*** Opening of Recorded information ***
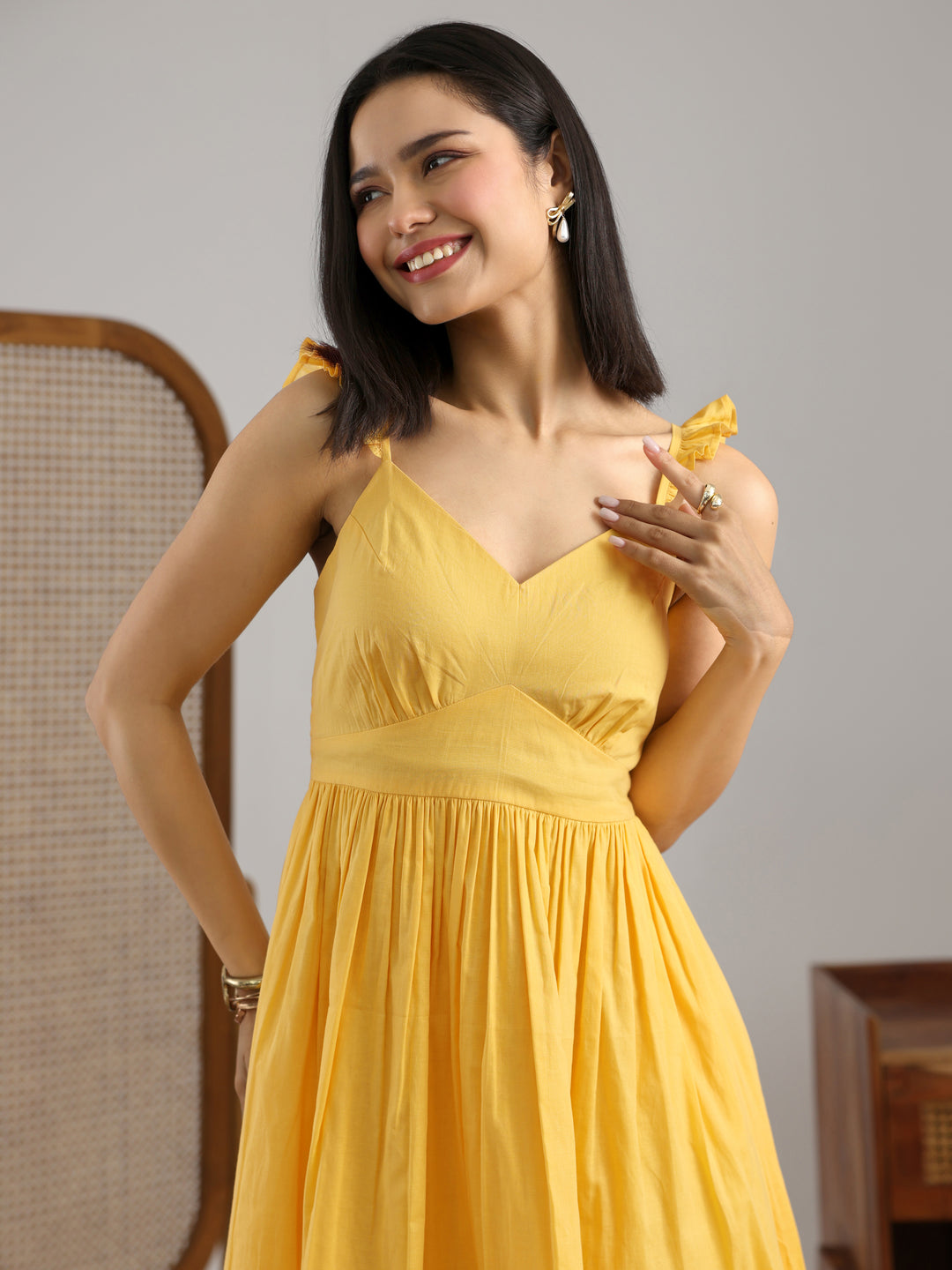 cotton on yellow dress Buy Cotton On Yellow Floral Danielle Halter Summer Dress from Next Armenia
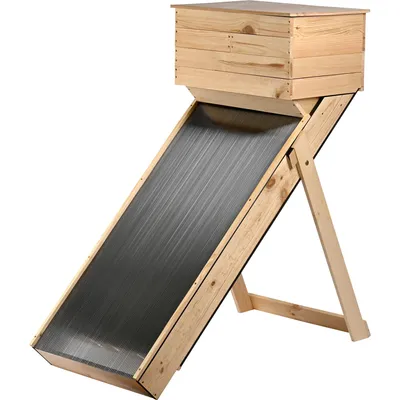 Produktbild von dobar Solar-Trockner aus Holz, Dörrschrank zum Trocknen von Obst und Gemüse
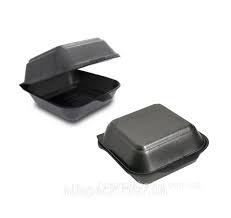 ВПС Ланч-бокс 1-сек LBS-BOX (190х150х80) черный малый вспен ТДУ 100/100  ВПС Ланч-бокс 1-сек LBS-BOX (190х150х80) черный малый вспен ТДУ 100/100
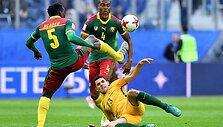 FIFA Konfederacijų taurė: Kamerūnas &ndash; Australija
*** Close of Recorded information ***
▶ _Work request_
Would you set down every line of the data above exactly, skipping the pictures?

▶ _Your response_
 cotton on yellow dress Buy Cotton On Yellow Floral Danielle Halter Summer Dress from Next Armenia
 Produktbild von dobar Solar-Trockner aus Holz, Dörrschrank zum Trocknen von Obst und Gemüse
 ВПС Ланч-бокс 1-сек LBS-BOX (190х150х80) черный малый вспен ТДУ 100/100  ВПС Ланч-бокс 1-сек LBS-BOX (190х150х80) черный малый вспен ТДУ 100/100
 FIFA Konfederacijų taurė: Kamerūnas &ndash; Australija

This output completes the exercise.